Solidarietà, ovvero propensione a non lasciare indietro nessuno e anzi ad accogliere; territorio come mosaico di diversità e quindi di ricchezze culturali e linguistiche.
La Casa dell’Autonomia è stata fortemente voluta, progettata, costruita e resa più bella in questi settant’anni post-bellici che hanno messo a sistema una vocazione una storia di autogestione che – con il principato vescovile, le magnifiche comunità, le regole feudali, gli usi civici (assetti fondiari collettivi) – aveva improntato secoli e secoli della nostra vicenda storica di terra di montagna. In Trentino sul piano storico-geografico abbiamo organizzato la nostra società, non a caso, in «ville», cellule intermedie tra l’idea del solitario maso chiuso di area tedesca e l’organizzazione più estesa dei borghi tipicamente italiani. Nelle «ville» le case si sostenevano una con l’altra, si mettevano in comune attrezzi, fontana, forno. Così abbiamo costruito una terra viva e piacevolmente vivibile, tenace e coesa. E la nostra montagna non si è spopolata, come la vicina montagna veneta o lombarda.
Le Regioni sono state la croce e la delizia dell’assetto amministrativo italiano, a volte severe con lo Stato centrale molto più che con se stesse. È piuttosto evidente, invece, che sia in Trentino che in Alto Adige il protagonismo di territori anche diversi tra loro ha portato crescita, sviluppo, quel «miracolo» che ha cambiato in meglio il Paese una sessantina di anni fa, e il Trentino, e ancor più la Provincia di Bolzano, un decennio dopo. Poi sono state le nostre due province autonome a viaggiare più veloci, ad anticipare idee, soluzioni, diventando laboratorio istituzionale, sociale, politico per tutto il Paese.
L’ultima stagione, quella seguita alla riforma del titolo V della Costituzione del 2001, è stata quella dell’invidia, degli «attacchi» in ordine sparso e spesso «disinformati» alla nostra autonomia, ma anche di una certa «stanchezza» da parte di noi stessi trentini, di una certa propensione a considerare scontata e immutabile la nostra autonomia.
Si è parlato di federalismo, di regionalismo a geometria variabile, negli ultimi vent’anni, ma il vento che ha soffiato con raffiche e refoli intermittenti è stato – ultimamente – quello del centralismo.
Lo storico dell’economia Andrea Leonardi, in uno degli incontri in biblioteca organizzati dalla Consulta, ha sottolineato il nesso tra istanza autonomistica e idea cooperativa: entrambe legate a una «volontà di riscatto» della popolazione locale. Economia e società sono oggi le due sfide più grandi dell’Autonomia, che deve saper connettere le persone al di là dei vantaggi personali o di qualche gruppo ristretto.
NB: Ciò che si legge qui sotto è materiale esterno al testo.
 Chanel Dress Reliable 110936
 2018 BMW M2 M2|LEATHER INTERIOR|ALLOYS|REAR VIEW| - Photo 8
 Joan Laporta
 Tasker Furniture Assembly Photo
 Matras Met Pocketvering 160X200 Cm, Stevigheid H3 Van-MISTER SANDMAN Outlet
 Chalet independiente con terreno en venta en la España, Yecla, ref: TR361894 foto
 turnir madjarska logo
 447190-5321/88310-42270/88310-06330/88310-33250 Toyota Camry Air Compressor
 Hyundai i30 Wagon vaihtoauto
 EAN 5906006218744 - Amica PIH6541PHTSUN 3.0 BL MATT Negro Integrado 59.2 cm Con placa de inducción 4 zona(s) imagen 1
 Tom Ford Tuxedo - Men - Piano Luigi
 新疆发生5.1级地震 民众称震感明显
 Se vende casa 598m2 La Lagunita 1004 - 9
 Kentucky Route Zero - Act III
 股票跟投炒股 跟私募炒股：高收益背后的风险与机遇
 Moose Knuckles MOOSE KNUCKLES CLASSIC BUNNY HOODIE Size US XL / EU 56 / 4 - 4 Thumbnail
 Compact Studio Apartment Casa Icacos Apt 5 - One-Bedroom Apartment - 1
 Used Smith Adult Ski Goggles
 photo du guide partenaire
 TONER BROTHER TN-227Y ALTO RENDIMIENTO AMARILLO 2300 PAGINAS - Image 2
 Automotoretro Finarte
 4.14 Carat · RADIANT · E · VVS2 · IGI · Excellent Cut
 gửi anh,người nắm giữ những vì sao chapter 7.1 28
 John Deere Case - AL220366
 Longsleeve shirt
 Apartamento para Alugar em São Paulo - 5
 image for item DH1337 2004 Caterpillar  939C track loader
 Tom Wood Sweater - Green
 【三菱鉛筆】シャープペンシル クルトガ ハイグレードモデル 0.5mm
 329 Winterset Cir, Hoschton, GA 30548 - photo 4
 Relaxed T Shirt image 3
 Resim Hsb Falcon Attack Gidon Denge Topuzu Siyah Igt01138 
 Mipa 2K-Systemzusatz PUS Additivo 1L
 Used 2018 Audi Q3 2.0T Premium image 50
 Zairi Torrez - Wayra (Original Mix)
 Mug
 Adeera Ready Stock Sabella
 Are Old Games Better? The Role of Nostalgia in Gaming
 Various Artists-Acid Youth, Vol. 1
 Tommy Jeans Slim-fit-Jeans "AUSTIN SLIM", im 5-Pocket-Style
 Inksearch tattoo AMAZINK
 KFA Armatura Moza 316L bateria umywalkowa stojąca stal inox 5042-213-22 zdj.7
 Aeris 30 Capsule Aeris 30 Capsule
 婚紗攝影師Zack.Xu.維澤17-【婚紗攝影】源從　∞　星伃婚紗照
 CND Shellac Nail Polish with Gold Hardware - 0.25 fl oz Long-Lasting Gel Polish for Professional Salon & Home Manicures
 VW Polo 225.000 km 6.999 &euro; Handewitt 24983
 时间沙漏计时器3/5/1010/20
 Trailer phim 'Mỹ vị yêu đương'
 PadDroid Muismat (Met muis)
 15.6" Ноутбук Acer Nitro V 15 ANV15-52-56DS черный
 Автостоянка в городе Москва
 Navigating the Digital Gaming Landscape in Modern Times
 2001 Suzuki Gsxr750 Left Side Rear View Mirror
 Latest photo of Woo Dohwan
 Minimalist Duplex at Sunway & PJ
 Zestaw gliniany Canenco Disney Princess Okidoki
Autonomia, competenze e risorse. Veneto e Lombardia, seppure con modalità differenti, il prossimo 22 ottobre chiameranno rispettivamente 3,7 e 7,5 milioni di cittadini a esprimersi nel referendum consultivo per l’autonomia. Il referendum lombardo sarà valido anche senza quorum, quello veneto (in ossequio alla legge regionale) dovrà superare l’asticella del 50% dei voti degli aventi diritto. Agli elettori veneti verrà chiesto se vogliono che alla loro Regione siano «attribuite ulteriori forme e condizioni particolari di autonomia», mentre ai cittadini lombardi il quesito postula a priori una «specialità» e chiede «ulteriori forme e condizioni particolari di autonomia, con le relative risorse».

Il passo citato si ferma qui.